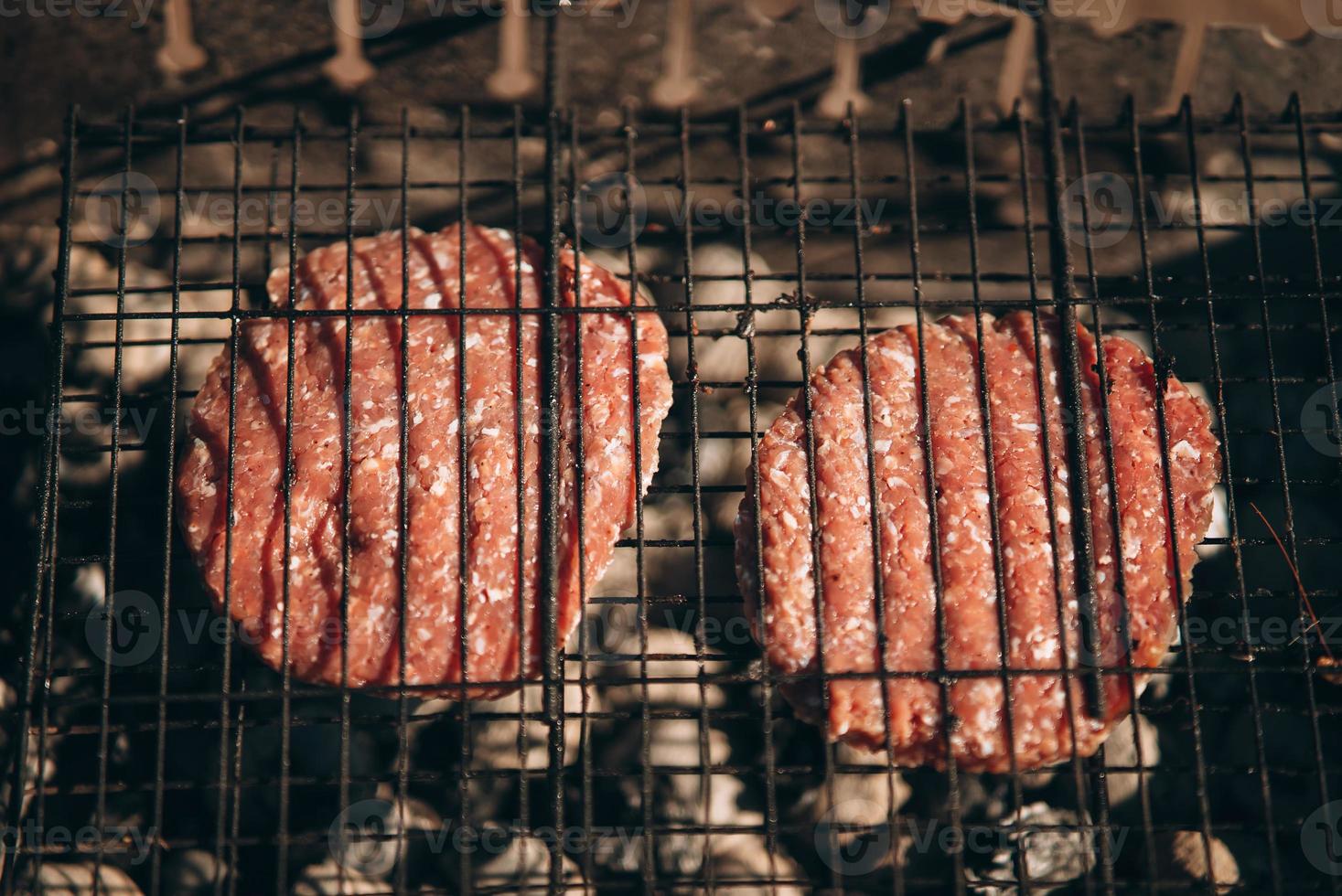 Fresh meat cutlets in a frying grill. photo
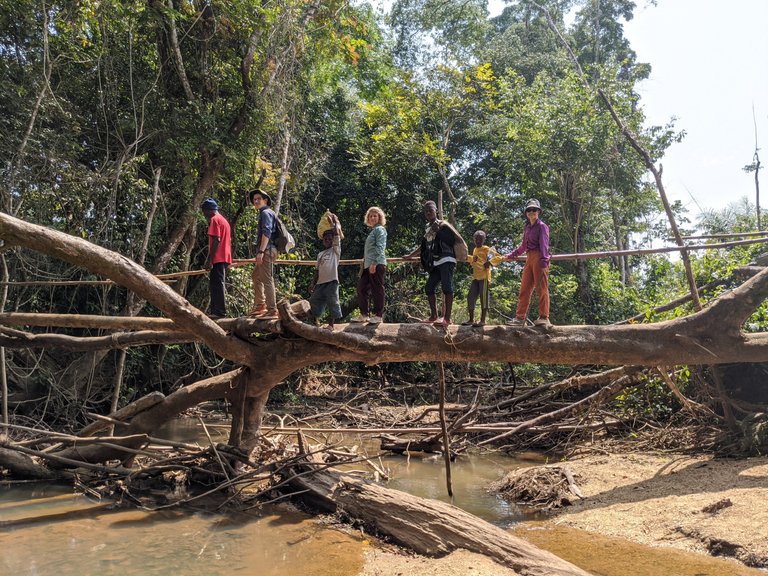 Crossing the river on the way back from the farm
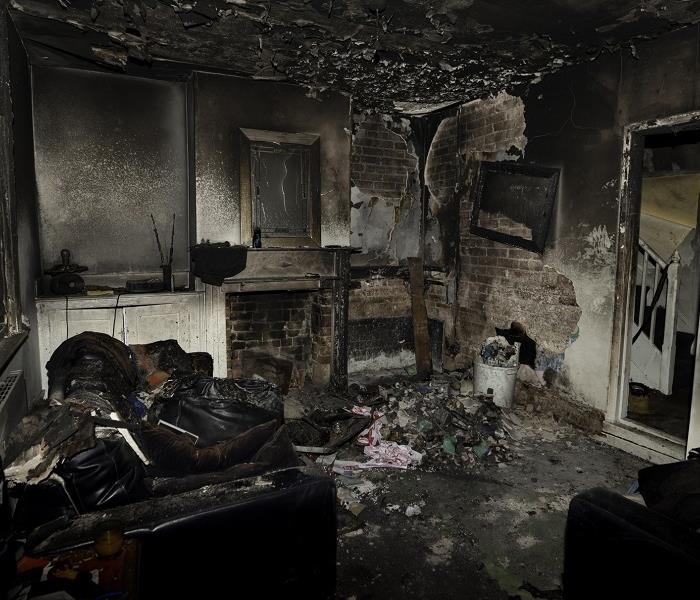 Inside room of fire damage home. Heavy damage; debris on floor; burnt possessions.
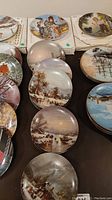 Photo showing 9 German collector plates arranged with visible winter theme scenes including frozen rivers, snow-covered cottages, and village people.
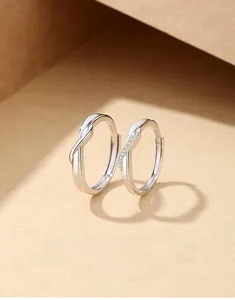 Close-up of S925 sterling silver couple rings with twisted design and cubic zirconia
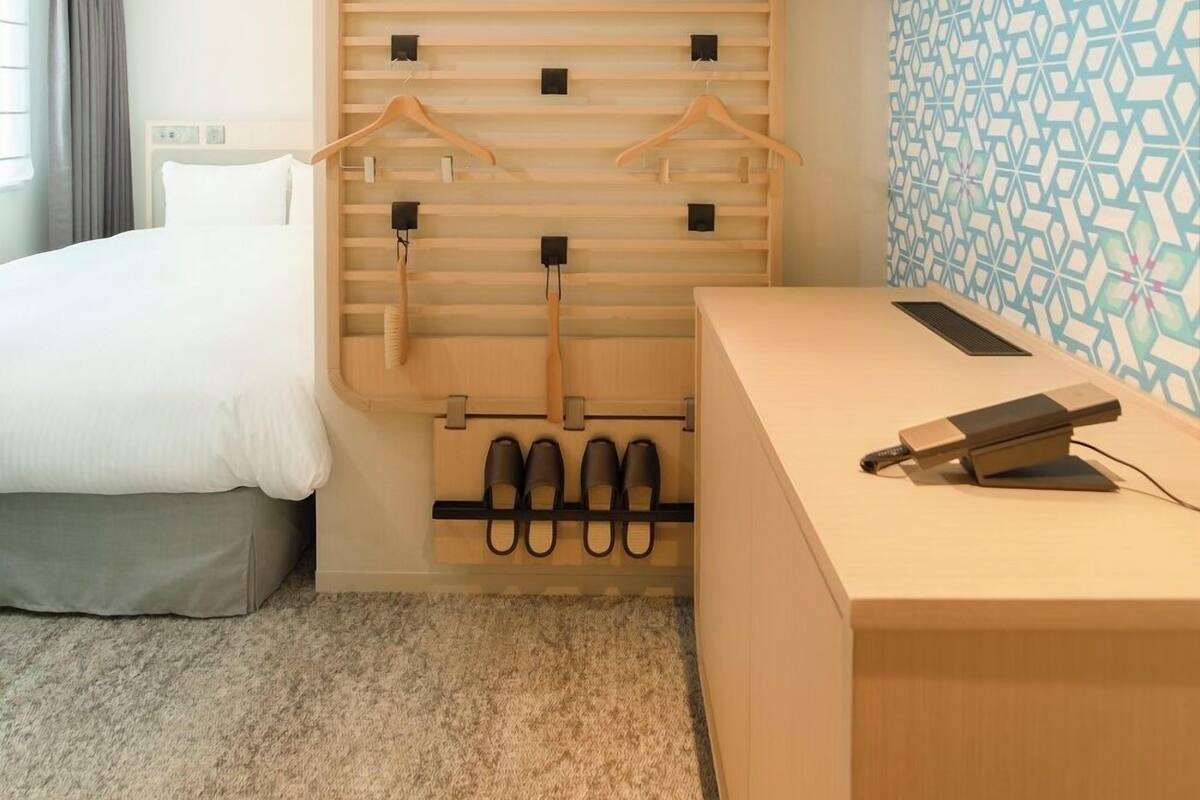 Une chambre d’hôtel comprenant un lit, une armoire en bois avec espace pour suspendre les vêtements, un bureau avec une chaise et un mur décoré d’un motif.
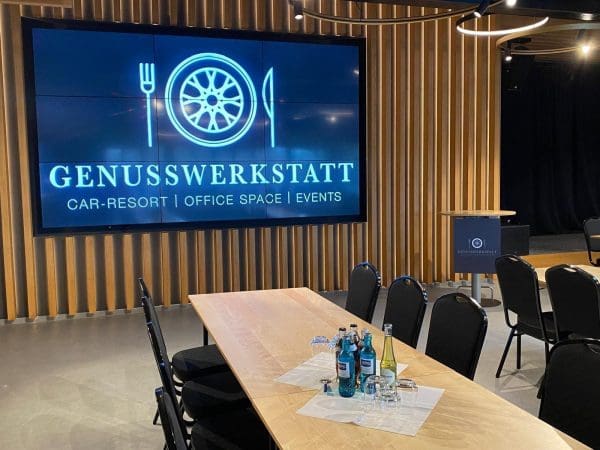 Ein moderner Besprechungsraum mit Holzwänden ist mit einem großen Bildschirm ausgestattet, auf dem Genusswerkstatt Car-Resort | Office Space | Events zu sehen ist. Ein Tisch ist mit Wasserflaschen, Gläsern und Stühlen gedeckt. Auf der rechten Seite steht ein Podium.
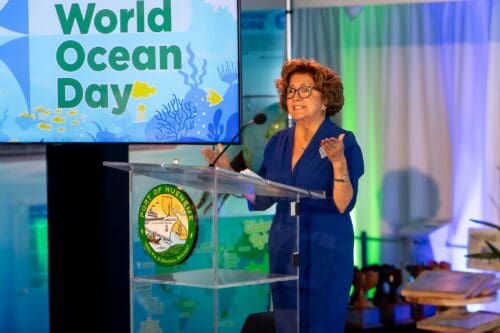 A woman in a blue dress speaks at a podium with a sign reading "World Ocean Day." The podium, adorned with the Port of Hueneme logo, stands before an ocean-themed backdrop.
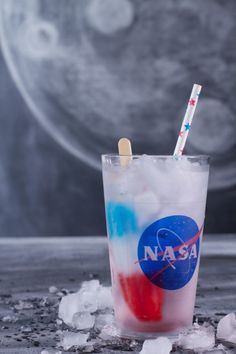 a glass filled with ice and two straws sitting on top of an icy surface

> _Work instruction_: All of the lines above should be copied exactly, apart from the pictures.

> _Written reply_:
 Fresh meat cutlets in a frying grill. photo
 Crossing the river on the way back from the farm
 Inside room of fire damage home. Heavy damage; debris on floor; burnt possessions.
 Photo showing 9 German collector plates arranged with visible winter theme scenes including frozen rivers, snow-covered cottages, and village people.
 Close-up of S925 sterling silver couple rings with twisted design and cubic zirconia
 Une chambre d’hôtel comprenant un lit, une armoire en bois avec espace pour suspendre les vêtements, un bureau avec une chaise et un mur décoré d’un motif.
 Ein moderner Besprechungsraum mit Holzwänden ist mit einem großen Bildschirm ausgestattet, auf dem Genusswerkstatt Car-Resort | Office Space | Events zu sehen ist. Ein Tisch ist mit Wasserflaschen, Gläsern und Stühlen gedeckt. Auf der rechten Seite steht ein Podium.
 A woman in a blue dress speaks at a podium with a sign reading "World Ocean Day." The podium, adorned with the Port of Hueneme logo, stands before an ocean-themed backdrop.
 a glass filled with ice and two straws sitting on top of an icy surface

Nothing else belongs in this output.